The operation of the "1" gate as shown in FIG. 7 is hereinafter described with the assumptions being made that (1) the output is coupled to the gate electrode of another MOS transistor (not shown), which acts as a capacitive load, and (2) logic circuit 134 consists of a single transistor, hereinafter called the logic transistor, having its source connected to the φ ₁ signal and its drain connected to the source electrode of isolation transistor 132. The input to the gate electrode of the logic transistor will be the input voltage A, which is first assumed to be negative (logic 1) during the time the φ ₂ signal is negative. During the time that the φ ₁ signal is negative, the φ ₂ signal also will be negative, as seen from FIGS. 6A and 6B, and, thus, both load transistor 130 and isolation transistor 132 will be conductive. Since load transistor 130 is conductive the voltage at the output 0 will be negative, and this will cause the capacitive load (not shown) to become negatively charged. After the φ ₁ signal returns to ground voltage, but before the time the φ ₂ signal returns to ground voltage, as seen during the time T _L between FIGS. 6A and 6B, load transistor 130 will become nonconductive and exhibit an extremely high drain-to-source impedance, while isolation transistor 132 will remain conductive and exhibit a relatively low drain-to-source impedance. In this event, one must look to the state of conductivity of the transistor in logic circuit 134. Since it was assumed that the input voltage A was negative, the logic transistor will be conductive; hence the output signal will be at ground voltage (logic 0), since the drain electrode of the conductive logic transistor is connected to the φ ₁ signal, which is now at ground voltage. If the input voltage A was at ground potential (logic 0), the logic transistor would be nonconductive; hence the output voltage 0 would remain as the negative voltage (logic 1) stored in the capacitive load (not shown). Thus, the "1" gate just described acts as an inverter circuit; that is, the output signal, 0, is equal to the opposite of the input signal A. Written as a logical equation, this becomes

0 = A (1)

where the "(1)" term signifies a "1" gate.
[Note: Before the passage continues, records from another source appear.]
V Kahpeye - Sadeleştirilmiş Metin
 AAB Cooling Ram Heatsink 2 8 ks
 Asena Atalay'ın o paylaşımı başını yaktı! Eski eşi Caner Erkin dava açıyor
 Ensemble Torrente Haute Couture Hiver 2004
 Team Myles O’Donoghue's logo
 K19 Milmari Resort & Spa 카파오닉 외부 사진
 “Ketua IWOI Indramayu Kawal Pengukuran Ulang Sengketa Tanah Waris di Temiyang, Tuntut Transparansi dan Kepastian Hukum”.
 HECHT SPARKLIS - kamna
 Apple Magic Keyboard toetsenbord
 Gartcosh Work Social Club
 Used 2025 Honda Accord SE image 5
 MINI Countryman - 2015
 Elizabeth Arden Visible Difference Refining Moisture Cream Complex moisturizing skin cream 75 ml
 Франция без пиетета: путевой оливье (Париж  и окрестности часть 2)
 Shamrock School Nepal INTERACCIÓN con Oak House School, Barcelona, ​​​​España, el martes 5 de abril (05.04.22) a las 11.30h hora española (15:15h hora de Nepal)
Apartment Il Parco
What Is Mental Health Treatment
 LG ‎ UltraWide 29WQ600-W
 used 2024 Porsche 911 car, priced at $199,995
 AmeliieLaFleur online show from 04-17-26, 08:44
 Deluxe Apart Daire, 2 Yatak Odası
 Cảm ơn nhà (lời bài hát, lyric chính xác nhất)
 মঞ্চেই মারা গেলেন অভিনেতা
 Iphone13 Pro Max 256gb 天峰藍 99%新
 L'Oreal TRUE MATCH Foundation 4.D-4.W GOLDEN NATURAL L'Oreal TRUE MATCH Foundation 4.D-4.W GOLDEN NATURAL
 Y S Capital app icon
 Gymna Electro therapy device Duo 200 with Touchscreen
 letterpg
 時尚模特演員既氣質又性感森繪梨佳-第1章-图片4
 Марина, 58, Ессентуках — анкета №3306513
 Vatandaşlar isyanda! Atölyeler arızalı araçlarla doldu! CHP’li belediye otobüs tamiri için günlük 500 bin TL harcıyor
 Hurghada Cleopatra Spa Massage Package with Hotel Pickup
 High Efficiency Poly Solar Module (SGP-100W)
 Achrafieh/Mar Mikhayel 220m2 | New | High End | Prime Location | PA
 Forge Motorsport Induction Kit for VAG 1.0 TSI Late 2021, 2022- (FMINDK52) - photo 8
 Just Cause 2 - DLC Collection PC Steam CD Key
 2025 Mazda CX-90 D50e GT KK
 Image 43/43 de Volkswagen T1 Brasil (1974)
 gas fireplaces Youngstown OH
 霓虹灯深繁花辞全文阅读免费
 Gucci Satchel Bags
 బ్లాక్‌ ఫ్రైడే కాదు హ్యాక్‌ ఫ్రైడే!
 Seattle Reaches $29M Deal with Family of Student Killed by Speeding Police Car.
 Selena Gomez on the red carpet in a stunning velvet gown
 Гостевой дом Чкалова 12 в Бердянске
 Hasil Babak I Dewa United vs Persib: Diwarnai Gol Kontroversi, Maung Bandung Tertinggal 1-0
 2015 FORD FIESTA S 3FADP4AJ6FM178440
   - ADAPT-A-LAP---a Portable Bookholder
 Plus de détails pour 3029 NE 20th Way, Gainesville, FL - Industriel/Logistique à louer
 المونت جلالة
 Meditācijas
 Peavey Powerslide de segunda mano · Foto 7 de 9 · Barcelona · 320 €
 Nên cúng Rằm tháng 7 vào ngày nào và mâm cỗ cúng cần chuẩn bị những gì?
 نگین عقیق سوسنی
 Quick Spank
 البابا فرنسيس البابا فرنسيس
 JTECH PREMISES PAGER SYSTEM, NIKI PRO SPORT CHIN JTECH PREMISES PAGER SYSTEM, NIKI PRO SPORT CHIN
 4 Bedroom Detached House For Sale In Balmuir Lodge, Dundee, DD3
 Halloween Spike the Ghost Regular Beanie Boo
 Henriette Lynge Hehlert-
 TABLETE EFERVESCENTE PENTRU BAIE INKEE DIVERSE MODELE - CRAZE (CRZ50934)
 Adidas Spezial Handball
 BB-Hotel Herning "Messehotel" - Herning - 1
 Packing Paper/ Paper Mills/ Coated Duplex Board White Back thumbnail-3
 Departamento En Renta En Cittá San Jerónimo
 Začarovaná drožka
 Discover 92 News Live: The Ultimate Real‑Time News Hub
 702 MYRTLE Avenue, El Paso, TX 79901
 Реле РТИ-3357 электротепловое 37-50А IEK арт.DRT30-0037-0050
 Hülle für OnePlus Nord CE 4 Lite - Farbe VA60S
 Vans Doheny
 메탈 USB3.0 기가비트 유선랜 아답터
Referring now to FIG. 8, a "2" gate is shown. The "2" gate similarly has a load transistor 136 having its drain and gate electrodes connected together and to the φ ₁ signal. The output from a "2" gate is taken from the source electrode of load transistor 136, which is also connected to the drain electrodes of at least some of the transistors in a logic circuit 138, which may be similar in construction to logic circuit 134. The source electrodes of at least some of the transistors in logic circuit 138 are connected to the drain electrode of an isolation transistor 140, which has its source electrode connected to the φ ₁ signal and its gate electrode connected to the φ ₄ signal. To understand the operation of a "2" gate, assume that (1) the output 0 is connected to a capacitive load and (2) there is a single logic transistor in logic circuit 138 having its gate electrode connected to the input voltage A, its drain electrode connected to the output signal 0, and its source electrode connected to the drain electrode of isolation transistor 140. During the time the φ ₁ signal is negative, load transistor 136 will be conductive, and a negative signal will become stored in the capacitive load, thereby making the output signal 0 a negative voltage. When the φ ₁ signal returns to ground level, there will be no immediate path through which the capacitive load can discharge to ground, even though the logic transistor may be conductive. If the input signal A had been at ground potential, the logic transistor would be nonconductive, so the output signal 0 will remain at the negative voltage stored in the capacitive load. However, if the input signal is a negative voltage, the logic transistor is conductive, and, during the time the φ ₄ pulse is negative, isolation transistor 140 is conductive. Therefore, during the φ ₄ negative voltage time, the capacitive load can discharge to ground (φ ₁ is at ground potential when φ ₄ is negative) through the logic transistor and isolation transistor 140. Then, after φ ₄ returns to ground, but before φ ₃ returns to ground, the output signal 0 will be at ground potential. Thus, the "2" gate acts as an inverter circuit in this case. The logical equation for a "2" gate is:

0 = A (2)

where the term "(2)" indicates a "2" gate.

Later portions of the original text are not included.